Review Comment:
This paper presents a survey of patterns to publish Multilingual Linked Data (MLD) on the Web. First, the problems of internationalisation on the Web and multilingualism in LD are introduced. Then, several patterns are proposed for naming, dereferencing, labelling, long descriptions, linking, and reuse linked data in a multilingual environment. The patterns are described in a comprehensive way by providing a description, context (with examples), discussion, and pointers to related information in the literature. The article finishes describing DBpedia as a use case of some of these patterns.
This work is relevant and timely for the community. The paper is very clear and very well structured and covers the problem well. The position of the authors is not to give a set of best practises but a survey of patterns so that each MLD creator can chose the ones that best fit to their necessities. This is a good point and is consistent with the general discourse of the paper. Nevertheless, in the abstract it is written that best practises for publishing MLD will be presented in the paper, which contradicts what Section 1 says about best practices (this can be fixed by simply omitting that reference in the abstract).
Here are some detailed comments that I hope help to improve the quality of the paper:
- The authors refer to multilingualism in Linked Open Data frequently. I wonder which part of the discussion can be applied to Linked Data in general also (not only to LOD). This could be briefly mentioned somewhere in the paper.

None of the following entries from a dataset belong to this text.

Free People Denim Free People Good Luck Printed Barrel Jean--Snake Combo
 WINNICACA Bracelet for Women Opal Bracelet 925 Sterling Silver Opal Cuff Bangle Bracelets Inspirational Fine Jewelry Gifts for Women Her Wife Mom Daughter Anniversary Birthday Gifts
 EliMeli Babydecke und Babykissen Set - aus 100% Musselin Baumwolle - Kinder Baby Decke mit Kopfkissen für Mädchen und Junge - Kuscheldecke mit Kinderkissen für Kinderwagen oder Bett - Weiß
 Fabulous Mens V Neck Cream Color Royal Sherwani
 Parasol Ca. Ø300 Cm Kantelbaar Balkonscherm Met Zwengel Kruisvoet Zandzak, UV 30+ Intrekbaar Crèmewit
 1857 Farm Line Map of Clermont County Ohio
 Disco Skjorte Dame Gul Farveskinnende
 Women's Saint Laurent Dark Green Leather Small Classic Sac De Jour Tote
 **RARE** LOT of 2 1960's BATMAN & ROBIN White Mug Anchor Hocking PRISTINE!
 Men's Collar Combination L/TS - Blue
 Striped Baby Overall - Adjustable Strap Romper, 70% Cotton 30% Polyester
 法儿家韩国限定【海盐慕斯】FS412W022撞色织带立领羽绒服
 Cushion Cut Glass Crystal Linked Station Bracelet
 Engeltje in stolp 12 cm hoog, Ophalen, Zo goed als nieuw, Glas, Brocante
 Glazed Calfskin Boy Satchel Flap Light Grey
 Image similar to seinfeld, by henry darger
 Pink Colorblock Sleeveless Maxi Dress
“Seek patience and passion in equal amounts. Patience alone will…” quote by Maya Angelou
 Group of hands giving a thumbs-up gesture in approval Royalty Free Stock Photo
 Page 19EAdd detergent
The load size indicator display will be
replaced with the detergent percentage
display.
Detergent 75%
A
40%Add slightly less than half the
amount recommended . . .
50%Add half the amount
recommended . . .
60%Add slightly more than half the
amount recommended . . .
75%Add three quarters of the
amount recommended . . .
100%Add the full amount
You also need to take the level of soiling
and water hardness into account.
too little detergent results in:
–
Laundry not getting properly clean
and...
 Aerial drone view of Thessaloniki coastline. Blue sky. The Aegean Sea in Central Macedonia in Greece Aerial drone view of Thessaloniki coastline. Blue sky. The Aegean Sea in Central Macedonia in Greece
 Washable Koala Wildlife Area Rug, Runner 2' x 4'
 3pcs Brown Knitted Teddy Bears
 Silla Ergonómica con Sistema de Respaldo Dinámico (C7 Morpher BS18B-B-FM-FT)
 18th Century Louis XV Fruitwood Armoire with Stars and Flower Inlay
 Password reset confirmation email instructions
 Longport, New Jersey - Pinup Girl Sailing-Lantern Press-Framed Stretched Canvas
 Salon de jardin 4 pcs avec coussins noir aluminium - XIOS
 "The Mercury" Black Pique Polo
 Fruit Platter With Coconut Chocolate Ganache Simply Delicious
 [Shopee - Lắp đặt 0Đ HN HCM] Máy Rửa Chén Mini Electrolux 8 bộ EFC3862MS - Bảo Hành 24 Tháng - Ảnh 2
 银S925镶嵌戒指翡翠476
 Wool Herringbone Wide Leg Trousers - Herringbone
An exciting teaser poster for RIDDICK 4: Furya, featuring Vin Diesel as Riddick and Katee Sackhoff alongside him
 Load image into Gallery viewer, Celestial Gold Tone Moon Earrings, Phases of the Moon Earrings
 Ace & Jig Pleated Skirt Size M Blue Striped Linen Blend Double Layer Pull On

- I would reformulate the first sentence in Section 2. It sounds like if there weren't language barriers in the current WWW.
- Citations or footnotes describing technical concepts (like SPARQL, RDF, ASCII, etc.) should be introduced the first time that they are mentioned in the paper.
- In the introduction it is said that 4.7% of the non-information resources employ one language tag. The notion of "non-information resources" should be explained at that point.
- In Section 2.2, the sentence "Although IRI supported increases incrementally..." has to be rephrased for clarity. It would be good to add some example of concrete techniques (RDF or SPARQL specifications?) that support IRIs and others that not.
- In Section 2.2, I would explain "homograph attacks" a little more (one or two sentences).
- In section 3, I would say that numeric data are "language neutral" rather than "intrinsically multilingual". Although, strictly speaking, this is also arguable as numeric systems are culturally dependant (see http://en.wikipedia.org/wiki/Armenian_numerals for instance).
- The penultimate paragraph in Section 3 adds very little and could be omitted.
- In the last paragraph of Section 3, the term "localized" should be explained (for readers not familiarised with that expression).
- At the beginning of Section 4.1 (and later in the paper) they use the term "URI schemes", but I think not in its most commonly used meaning (see RFC 3986 specification for URIs). See examples of URI schemes in http://www.iana.org/assignments/uri-schemes.html. The term "URI scheme" should not be overloaded and, for instance, the sentence "the first step in a linked data development lifecycle is to design good URI schemes" could be safely changed by "... to design good URIs"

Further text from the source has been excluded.